Lotus Ratio Lemma: A Quirky Geometry Lemma

In this Blog we will talk about a fascinating geometry lemma which can help you to solve some of the hardest and finest geometry problems around the globe, so without any delay let's look up to the lemma.

$\textbf{Lemma}$ : In a $\triangle{ABC}$ , a line from $C$ intersects $AB$ at $F$ and a line from $B$ intersects $AC$ at $E$ and $P$ be the intersection point of $BE$ and $CF$ , then $\frac{CP}{CF}=\frac{CE}{AE}\left(1+\frac{AF}{FB}\right)$ and $\frac{BP}{PE}=\frac{BF}{AF}\left(1+\frac{AE}{EC}\right)$

(SEE THE FIGURE FOR REFERENCES)

Let's work through the proof:

$\textbf{Proof:}$

construction! , yes , so we construct $EX \parallel FC$ . Then we observe $\triangle {BPF}\sim \triangle {BEX}$ and $\triangle{AXE} \sim \triangle {AFC}$ .

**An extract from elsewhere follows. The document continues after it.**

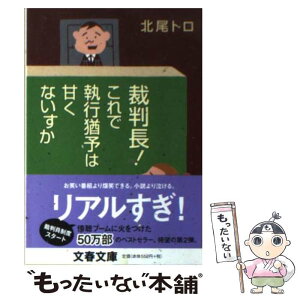 【中古】 裁判長！これで執行猶予は甘くないすか / 北尾 トロ / 文藝春秋 [文庫]【メール便送料無料】【あす楽対応】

Then we have $\frac{BP}{BE}=\frac{BF}{BX}$ and $\frac{AX}{AF}=\frac{AE}{AC}$ .

Then also we have $\frac{BP}{BE}=\frac{BF}{FX}$ . So we have $FX=\frac{BE\cdot BF}{BP}$ . Also, $\frac{AX}{AF}=\frac{AE}{AC}$ .

So simplifying we get $\frac{BF}{AF}\cdot \frac{AC}{EC}=\frac{BP}{BE}$ so we get $\frac{BF}{AF}\cdot \left(1+\frac{AE}{EC}\right)=\frac{BP}{PE}$ . Similarly, we can get the other ratio. $\blacksquare$

Now Let's Look up to some applications of this Lemma.

$\textbf{Problem 1:}$

If $AD$ is the angle bisector of $\angle{BAC}$ in $\triangle{ABC}$ , s.t. $D \in \overline{BC}$
and $I$ is it's Incenter, show that: $\frac{AI}{ID}=\frac{AC+AB}{BC}$

$\textbf{Proof:}$

so, we do some mark-ups, denote $AC=b$ , $AB=c$ and $BC=a$ , the angle bisector of $\angle{ABC}$ hits , $\overline{AC}$ at $E$ and similarly the angle bisector of $\angle{ACB}$ hits $AB$ at $F$
Now we use the angle bisector theorem to get: $\frac{AE}{EC}=\frac{c}{a}$ , now from the lotus ratio lemma, we get:
$\frac{AI}{ID}=\frac{c}{a}\cdot \left(1+\frac{b}{c}\right)$

$\implies \frac{AI}{ID}=\frac{c}{a}\cdot \frac{b+c}{c}=\boxed{\frac{b+c}{a}}$ . $\blacksquare$
hence our problem is done!

$\textbf{Problem 2:}$ As shown in the figure, triangle is divided into six smaller triangles by lines drawn from the vertices through a common interior point. The areas of four of these triangle are as indicated. Find the area of triangle . (AIME $1985$ )

$\textbf{Solution.}$

Firstly denote point intersection of line from $A$ and $CB$ be $F$ using the lotus ratio lemma we notice: $\frac{AP}{PF}=\frac{AD}{DB}(1+\frac{BF}{BC})$ , from base division theorem , $\frac{AD}{DB}=\frac{4}{3}$ and $\frac{AP}{PF}=\frac{2}{1}$ . So we have $\frac{BF}{BC}=\frac{1}{2}$ , so again from base division theorem $\frac{[ACF]}{[ABF]}=\frac{1}{2}$ , so $[ACF]=210$ hence $[ABC]=210+105=\boxed{315}$ ,
interestingly there was no use of giving area $84$ .(Which actually shows how powerful the lemma is!)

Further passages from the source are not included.